Ich dachte, als Kontrastprogramm zu dem ganzen Trash TV erzähle ich euch heute mal, was ich alles so in letzter Zeit gelesen bzw. als Hörbuch gehört habe. Und das war einiges! Nicht alles super, aber überwiegend positiv und mit zwei ganz besonderen Perlen.

  • John Fante – 1933 war ein schlimmes Jahr
    Eine schnelle Lektüre für eine lange Zugfahrt oder einen verregneten Sonntag. Ich war vielleicht ein klein bisschen enttäuscht, weil ich mir nach den Begeisterungsstürmen im literarischen Quartett mehr erwartet hatte.

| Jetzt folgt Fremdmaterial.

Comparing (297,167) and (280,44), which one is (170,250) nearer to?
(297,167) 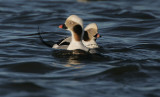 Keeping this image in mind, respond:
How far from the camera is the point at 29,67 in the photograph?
27.4ft

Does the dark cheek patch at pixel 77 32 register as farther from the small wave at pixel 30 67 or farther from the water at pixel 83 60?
the small wave at pixel 30 67

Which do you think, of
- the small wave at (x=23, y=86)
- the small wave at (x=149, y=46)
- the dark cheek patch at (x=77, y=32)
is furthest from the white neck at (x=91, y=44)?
the small wave at (x=23, y=86)

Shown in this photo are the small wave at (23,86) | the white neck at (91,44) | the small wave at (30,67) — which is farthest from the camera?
the white neck at (91,44)

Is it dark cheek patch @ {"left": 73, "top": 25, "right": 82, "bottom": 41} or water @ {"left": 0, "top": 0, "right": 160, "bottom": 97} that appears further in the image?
dark cheek patch @ {"left": 73, "top": 25, "right": 82, "bottom": 41}

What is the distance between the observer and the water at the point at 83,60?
6793mm

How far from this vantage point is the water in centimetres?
679

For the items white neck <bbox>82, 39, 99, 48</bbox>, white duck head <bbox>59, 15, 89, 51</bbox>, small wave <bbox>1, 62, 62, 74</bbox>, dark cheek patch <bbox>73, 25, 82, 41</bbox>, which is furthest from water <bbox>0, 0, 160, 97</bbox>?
dark cheek patch <bbox>73, 25, 82, 41</bbox>

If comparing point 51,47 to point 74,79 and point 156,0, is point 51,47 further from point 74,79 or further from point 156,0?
point 156,0

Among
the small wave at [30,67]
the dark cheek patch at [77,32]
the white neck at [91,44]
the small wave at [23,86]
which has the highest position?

Immerhin waren Maxim Biller und Christine Westermann mal einer Meinung. Ich fands ganz nett, aber mehr nicht. Übersetzt von Alex Capus, der schreibt selbst sehr schöne Bücher, das war ein Pluspunkt. Ich weiß nicht, ob es an der Kürze lag, aber irgendwas fehlte mir hier, vielleicht wären 200 Seiten mehr nicht schlecht gewesen, so ließ es mich ein wenig ratlos zurück. Nichts, was ich weiterempfehlen würde, aber ganz furchtbar fand ich es auch nicht. 1933 war ein schlimmes Jahr (Amazon Partnerlink)
  • Tilmann Rammstedt – Morgen mehr
    Auch diese Buch lässt mich ein wenig ratlos zurück. Ich habe mich sehr gut unterhalten gefühlt und es wird auf keiner Seite langweilig. Ich hatte immer Lust weiter zu lesen und zu erfahren, wie die Geschichte ausgeht. Außerdem ist es sehr witzig, weil Tilman Rammstedt eben einfach sehr witzig schreiben kann. Doch, eigentlich fand ich es sehr gut. ABER: für mich nichts, was bleiben wird (im Gegensatz zum Benedict Wells). Aber für Zwischendurch sehr unterhaltsam. Morgen mehr (Amazon Partnerlink)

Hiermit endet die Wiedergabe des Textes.